Third question. BIOS, UEFI, kernels and bootloaders all use the MOV instruction in the x86 instruction set to do so (assign a value (like 10) to a specific address in RAM) right?

Fourth question. Programs that operate in the OS (with a kernel (like Linux)) environment do not use the MOV instruction to get a chunk of memory allocated when they request for it but rather ask the kernel to do it on their behalf?

Fifth question. Is what I described in the fourth question called a system call (when a program running in the OS environment asks the kernel to do something (in this case give it some memory) on its behalf)?

1. yes. 2. yes, the most common x86 store instruction is `mov`. e.g. `mov dword [rdi], 10`. 3. that's oddly specific.
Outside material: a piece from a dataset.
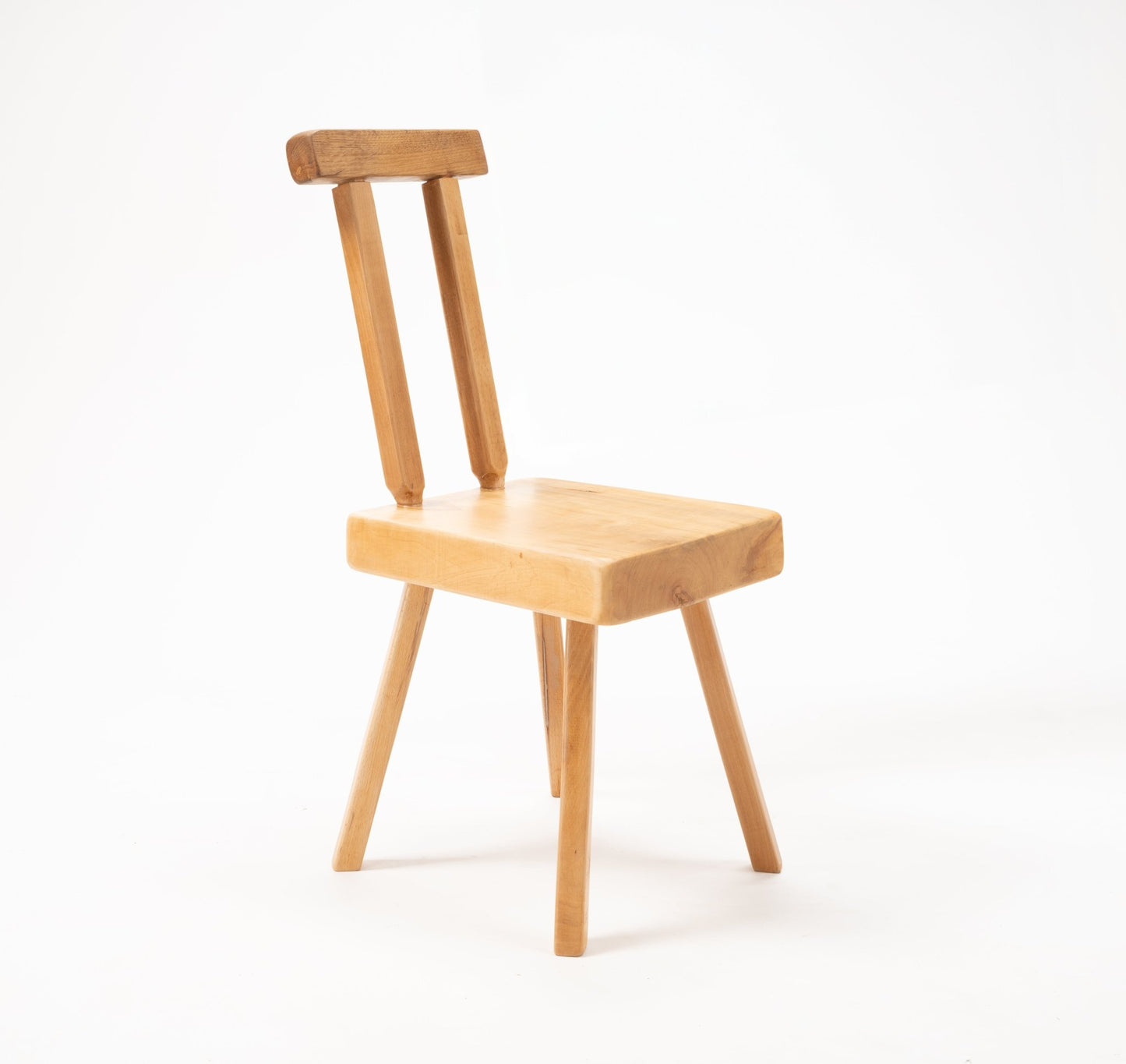 Mobichalet Brutalist pine chair with angled legs and minimalist backrest, Belgian mid-century design on white background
You could probably write a bootloader without any static data, so all your mov-immediate instructions would use register destinations. — Peter Cordes, Dec 04 '17 at 10:29
For question three I will re-phrase it by asking then. Do all of the programs mentioned in that question (BIOS, UEFI, kernel and bootloaders) use instructions in the CPU's instruction set to store values in memory (RAM)? — Tristan B. Kildaire, Dec 04 '17 at 10:38
Yes, any non-trivial program that needs more space than registers, or that needs to call a function or syscall that returns a value in memory, has to use memory. Part of what a bootloader has to do is load from disk into memory, so while it might not use any store instructions itself, the BIOS or UEFI functions it call will do so on its behalf. — Peter Cordes, Dec 04 '17 at 10:50

Peter Cordes · Answer 1 · 2017-12-04T10:52:01.410

0

0. I think you don't know enough about assembly language to even formulate a sensible question that really fills in whatever gap you're missing, but I've tried to answer your questions as they are. I'm really not sure what you really want to know.

Perhaps check out Matt Godbolt's CppCon2017 talk: “What Has My Compiler Done for Me Lately? Unbolting the Compiler's Lid” for a beginner intro to x86 asm.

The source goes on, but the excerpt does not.